# Audiobooks business case

# Problem

You are given data from an Audiobook App. Logically, it relates to the audio versions of books only. Each customer in the database has made a purchase at least once, that's why he/she is in the database. The purpose of this project is to create a machine learning algorithm based on our available data that can predict if a customer will buy again from the Audiobook company.

The main idea is that if a customer has a low probability of coming back, there is no reason to spend any money on advertising to him/her. If we can focus our efforts solely on customers that are likely to convert again, we can make great savings. Moreover, this model can identify the most important metrics for a customer to come back again. Identifying new customers creates value and growth opportunities.

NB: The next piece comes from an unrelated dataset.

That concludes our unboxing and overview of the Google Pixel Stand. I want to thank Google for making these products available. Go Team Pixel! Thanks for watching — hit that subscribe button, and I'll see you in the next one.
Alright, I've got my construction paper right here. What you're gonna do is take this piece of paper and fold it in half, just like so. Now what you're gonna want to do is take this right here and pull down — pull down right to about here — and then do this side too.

You have a .csv summarizing the data. There are several variables: Customer ID, Book length overall (sum of the minute length of all purchases), Book length avg (average length in minutes of all purchases), Price paid_overall (sum of all purchases) ,Price Paid avg (average of all purchases), Review (a Boolean variable whether the customer left a review), Review out of 10 (if the customer left a review, his/her review out of 10, Total minutes listened, Completion (from 0 to 1), Support requests (number of support requests; everything from forgotten password to assistance for using the App), and Last visited minus purchase date (in days).

These are the inputs (excluding customer ID, as it is completely arbitrary. It's used only to identify the "person", more like a name, than a number).

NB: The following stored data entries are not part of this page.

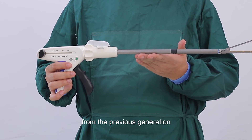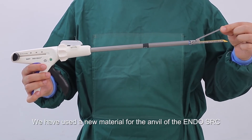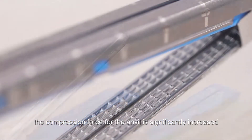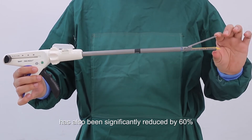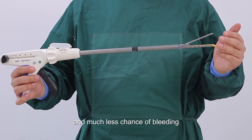We have kept all the excellent designs from the previous generation, but we have also added new features to improve the device's clinical performance. First, the material of the anvil. We used a 400 series medical grade steel for the anvil of the EndoSRC. The compression force is significantly increased, clamping force is increased, therefore any milking effect is significantly reduced by at least 30%. The percentage of staple malformation has also been significantly reduced by 60%, resulting in better staple line formation and much less chance of bleeding.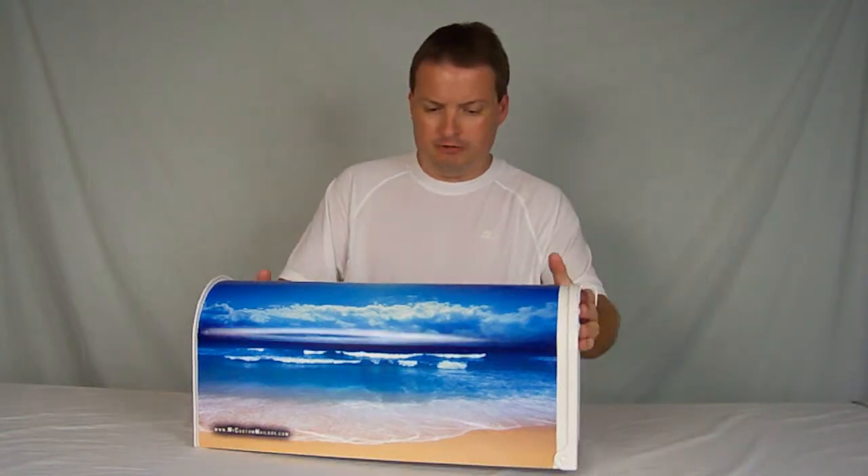This mailbox will shine on your mailbox post for years. If you're interested, you can get it in white or black, but we think the beach looks better in white for the most part. Look at our website, find beach number six and we look forward to selling you a mailbox soon. Thank you.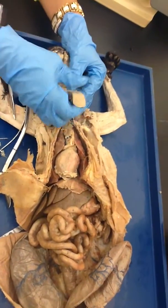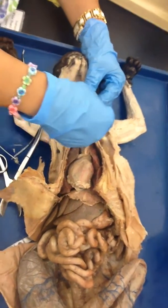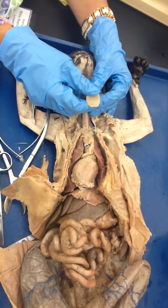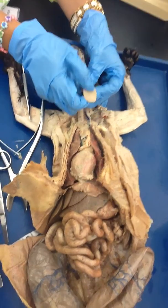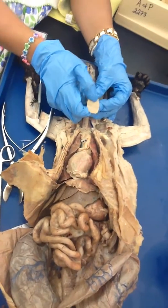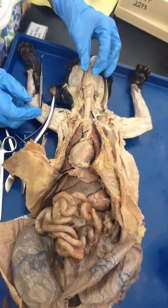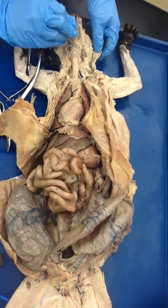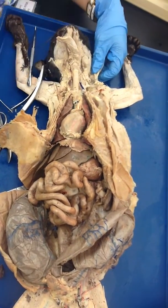This is the tongue. On the tongue, do you see these? These are the filiform papillae. This is what the cat uses to comb its fur — it's like the bristles of a brush. Now we are going to look at the glands.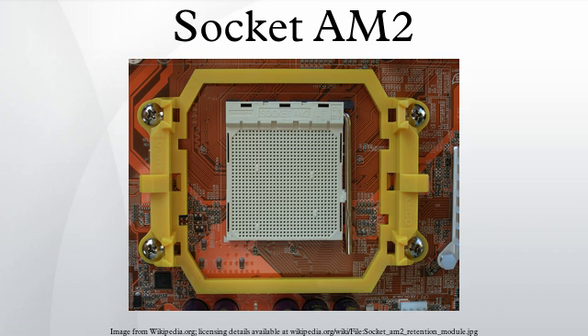The first processor cores to support Socket AM2 are the single-core Orleans and Manila, and the dual-core Windsor. Most processors on Socket AM2 include SSE3 instructions and were developed with 90nm technology. Recent models feature 65nm technology. Socket AM2 supports AMD Phenom processors, but some motherboard manufacturers did not supply newer BIOS files required to operate a Phenom processor. Socket AM2 was a part of AMD's generation of CPU sockets that included Socket F for servers and Socket S1 for mobile computing.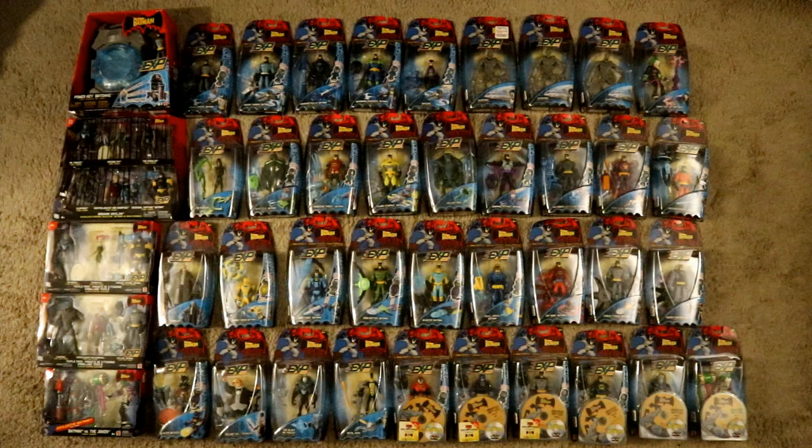Hey everybody, this is D. Hunter bringing another action figure collection video. Today we're going to be looking at episode 21 of D. Hunter's complete unopened Batman action figure collection.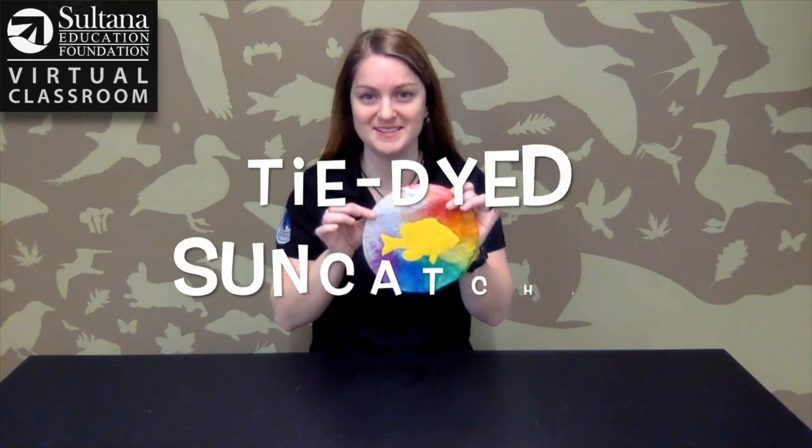Hi everyone, Beth Blinker here from Sultana Education Foundation. Today, as part of our virtual classroom, I'm going to show you how to make your very own Chesapeake Bay themed tie-dye sun catcher.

The targets are a Boolean variable (0 or 1). We are taking a period of 2 years in our inputs, and the next 6 months as targets. So, in fact, we are predicting if: based on the last 2 years of activity and engagement, a customer will convert in the next 6 months. 6 months sounds like a reasonable time. If they don't convert after 6 months, chances are they've gone to a competitor or didn't like something about the Audiobook way of dealing information. 

The task is simple: create a machine learning algorithm, which is able to predict if a customer will buy again.This is a classification problem with two classes: won't buy and will buy, represented by 0s and 1s. 

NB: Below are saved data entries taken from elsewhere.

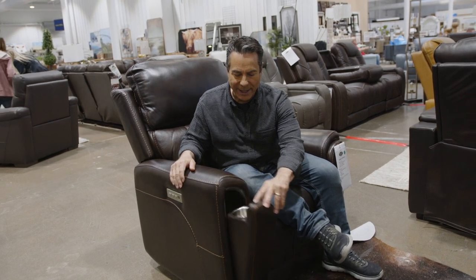All right, let's start simple. You think this is just an armrest for your recliner? Guess again — hidden storage. And there's a cup holder for that recliner too.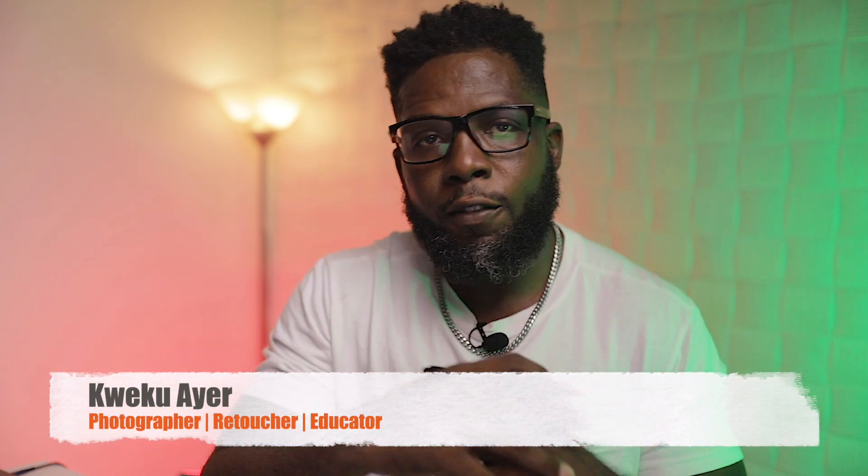What's up Charlie, my name is Kwekwaye and this is Gannonia Photography. Today I've got an exciting update to share with you on one of my favorite retouching plugins — Retouch for Me Dodge and Burn.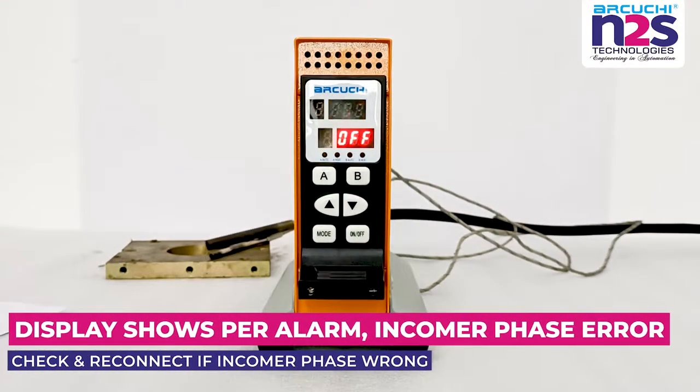Display shows Per alarm: incomer phase error. Check and reconnect if incomer phase is wrong.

## Preprocess the data. Balance the dataset. Create 3 datasets: training, validation, and test. Save the newly created sets in a tensor friendly format (.npz)

When dealing with real life data,its crucial that we preprocess it to create a good model.

If you want to know how to do that, go through the code with comments. In any case, this should do the trick for most datasets organized in the way: many inputs, and then 1 cell containing the targets (supersized learning datasets). Keep in mind that a specific problem may require additional preprocessing.

PS: All the header row's(which contain the names of the categories) have been excluded, solely because we just want the data.

### Quick notes

This is a project made by a student of data science, so i made all the comments on the basis of reminding myself of what each thing on the code does, how its useful for data scientists and some explanation on things i should keep in mind while making deep learning models.So keep in mind that a lot of the comments its not useful if you are already an experienced data scientist, but to newcomers(such as myself) can be really useful.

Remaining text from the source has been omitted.